Des négociations sont en cours pour éviter un conflit, mais cela n'empêche pas les syndicats de la SNCM de maintenir la pression sur le gouvernement. Après deux années passées sans faire grève, les bateaux resteront à quai mercredi.

Les représentants des salariés réclament en effet l'application du plan de sauvetage et un nouvel actionnariat "d'intérêt général" pour remplacer Veolia-Transdev. Seul le syndicat nationaliste des travailleurs corses (STC) a décidé de ne pas à ce joindre à ce mouvement conduit par la CGT, majoritaire, et rejoint par le SAMMM, la CFDT et la CFE-CGC.

La direction est perplexe

Face à cette menace de grève, la direction de l'opérateur historique du transport maritime Corse-continent est partagée. Le préavis "est le fruit d'une inquiétude compréhensible des salariés concernant la mise en place concrète du plan industriel de relance proposé par le management et plébiscité par près de 60% des marins", estime le directeur communication de la SNCM, Pierre Jaumain.

Cependant, prévient-il, "si l'arrêt de la compagnie se confirme mercredi, sur les deux premiers jours, ce serait plus de 4.000 clients touchés pour un coût de près de 1 million d'euros".

Or la compagnie maritime aux 2.600 salariés, en proie à des difficultés de trésorerie et sous le coup d'une double condamnation de Bruxelles à rembourser 440 millions d'euros d'aides jugées illégales, traverse une phase critique.

Le problème : le retrait de Veolia bloque les soutiens bancaires

Au coeur du problème, l'actionnariat. Veolia, qui devait récupérer en direct les 66% détenus par Transdev, coentreprise formée avec la Caisse des dépôts, souhaite se désengager.
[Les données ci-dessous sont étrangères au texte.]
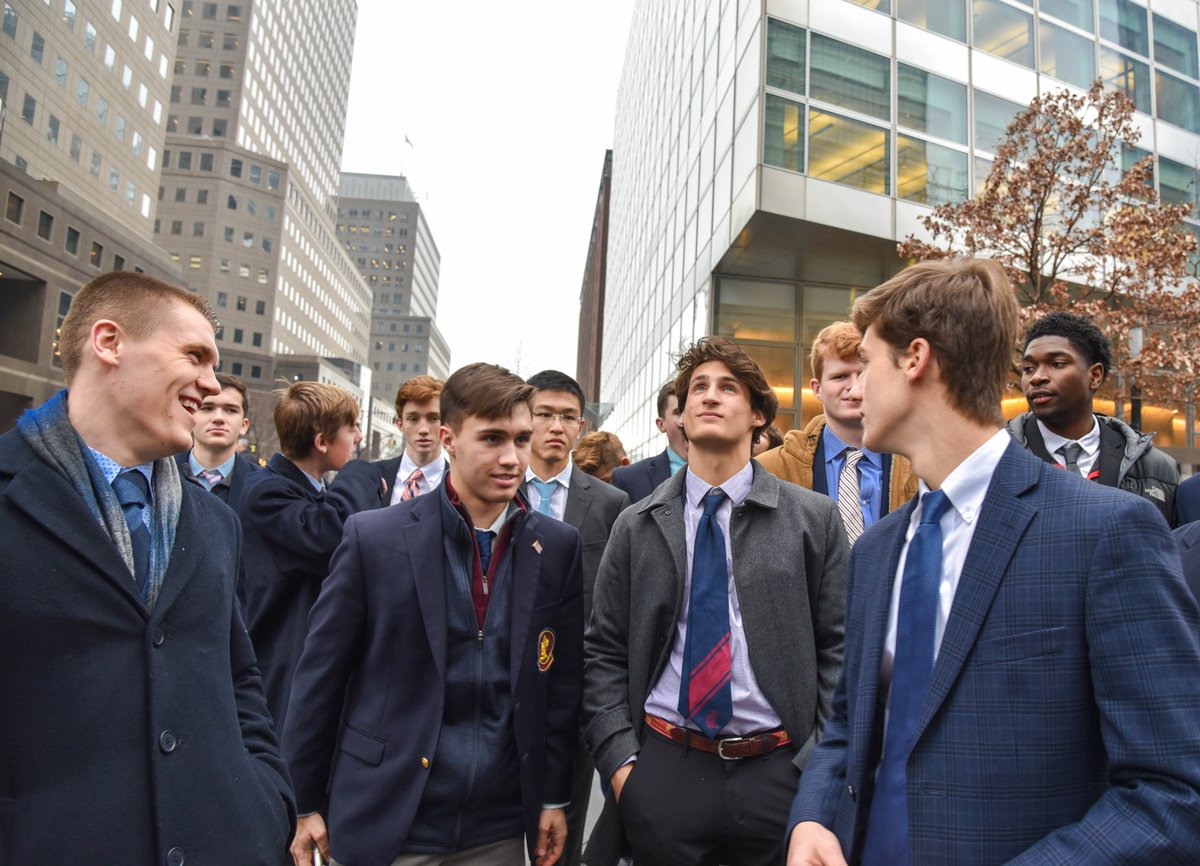 avonoldfarms's tweet photo. Personal Finance #AOFIntersession class learning what it takes to work in investment banking at Goldman Sachs with AOF's board member, Strat Dennis '00 — thanks for the tour and your insight! #AOFAlumni https://t.co/Mtd6OW1KGU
Dans ces conditions, le numéro un mondial de l'eau rechigne à apporter les garanties bancaires nécessaires, préférant le scénario du dépôt de bilan. Un scénario catastrophe de nouveau brandi juste avant Noël, l'actionnaire octroyant finalement in extremis un prêt de 13 millions d'euros à la SNCM, indispensable à la poursuite, jusqu'à fin janvier, de son activité.

Les syndicats réclament un soutien de l'Etat

Pourtant, l'entreprise, loin de son image "sclérosée et vieillotte", est "viable", martèlent à l'unisson syndicats et direction, convaincus de l'urgence du lancement du plan. Validé en juin, celui-ci doit permettre d'économiser 70 millions d'euros par an et d'atteindre la rentabilité en deux ans, via la suppression de 500 postes et le renouvellement des navires. A ce plan, ils veulent que s'ajoute un projet "d'actionnariat public d'intérêt général" avec la Caisse des dépôts et les collectivités, aux côtés de l'Etat (25%) et des salariés (9%).

"Veolia et Transdev ne doivent pas avoir droit de vie et de mort sur la SNCM", s'insurge le délégué CFE-CGC Maurice Perrin pour qui il est urgent de trouver de nouveaux partenaires.

Des solutions locales sont proposées

La ville de Marseille a récemment demandé de siéger au conseil de surveillance comme administrateur indépendant. Le conseil général des Bouches-du-Rhône s'est de son côté dit "prêt à entrer au capital de la SNCM", "dans le cadre d'un projet industriel" porté par un acteur privé. Dans ce sens, les holdings d'investissement Alandia et Fin'Active ainsi que deux armateurs, dont les noms n'ont pas été précisés, ont déjà manifesté leur intérêt.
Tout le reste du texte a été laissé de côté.